ZAIREEKA!
this might be a silly thing to blog about (but judging from other blog sites and bloggers, that is never a true statement) but i love the Flaming Lips, and after reading visiting their site and reading wayne's notes on albums, my love is that much more confirmed. while i was scratching around on http://www.flaminglips.com/main.php i found this little know album called Zaireeka, 4 discs to be played simultaneously. here's a discription of the first time the band heard it all together:
"Okay, on go we start it," Wayne pauses for this to sink in and shouts, "One, two, three, go!" He stabs the play button on the CD player and a voice declares, "This is track number eight." This voice surrounds us - coming from all the stereos in this room and the next. It sounds... POWERFUL. "CD Number One," comes a voice from behind me.
From the other room, "Number Two."
From in front of me, "Number Three."
Then it begins.... unearthly yet melodic music is, quite literally, swirling around us. We move to the hallway between the two rooms, Wayne cranks a stereo - in the room we just left - a little higher, and then joins us in the hallway. Then he grins as his voice comes from around a corner and begins to relate a tale about his dogs. And fluffy toy animals, and some giant plastic bugs. A Bonham-with-a-hangover drum pattern synchs in with a crazy dobule bass drum sound from the opposite side of the house, and then it really starts... voices EVERYWHERE singing the choral refrain, "The big ol' bu--ug is the new... ba-by..no--owww..." The music surges from alternate directions and we start to turn ourselves round and move side to side - experimenting with this melange that has become this glorious total sound. Gentle guitar, stray noises, voices, voices, and beautiful strings and horns just swooping past and around. At times it's like there are three clones of the Flaming Lips all playing at once, with slightly different songs that only almost lock in. Then it's all synched and it's a total sound again. The process just makes it all the more exciting and powerful. Stuff races around the room and you feel like you've been hit in the head. This particular song ends with about a million dogs all barking from all directions i.e. it's bloody frightening.

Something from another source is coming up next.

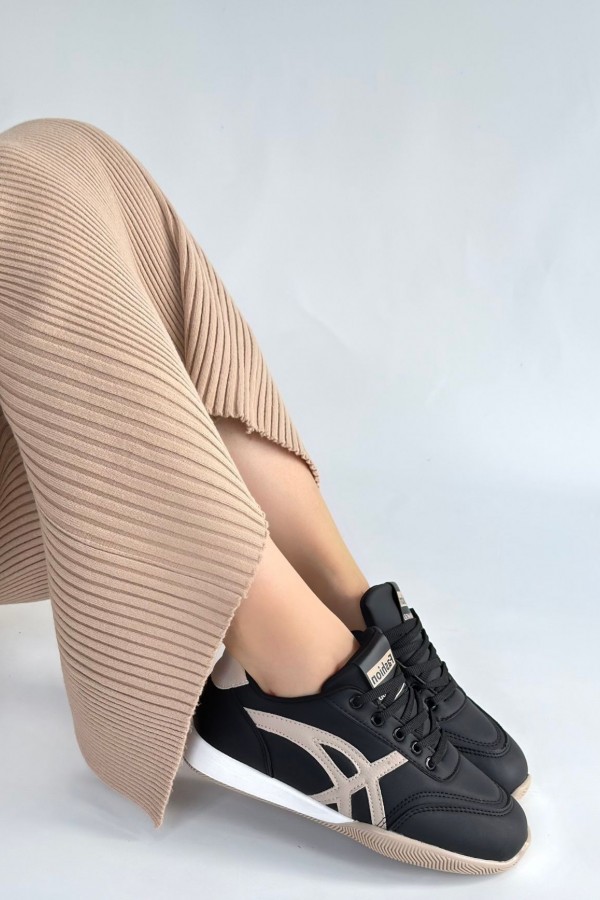 Zlay Siyah Cilt Bej Detaylı Bağcıklı Spor Ayakkabı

Which kind of sums up the record - alternately glorious, breathtaking, exciting, fragile and ultimately frightening. An intense vision realised in the true rich Flaming Lips tradition but eschewing the guitar pyrotechnics of the past for an altogether more atmospheric (and ultimately more stunning) arsenal that leads, truly, to a step beyond. Wayne explains that he was, ".. bored of people being able to point at a part of a song and say, 'Well, that's a Nirvana influence and there's the Stooges,' and all that.." So he made a record that comes on four CDs to be played simultaneously. "Well, now no-one can say that we're doing anything that's been done before..."
sorry, kindof long, but it got my attention. so of course i ordered the cds and sometime in july i'll play them at the living room. you can chill out with me and experience Zaireeka.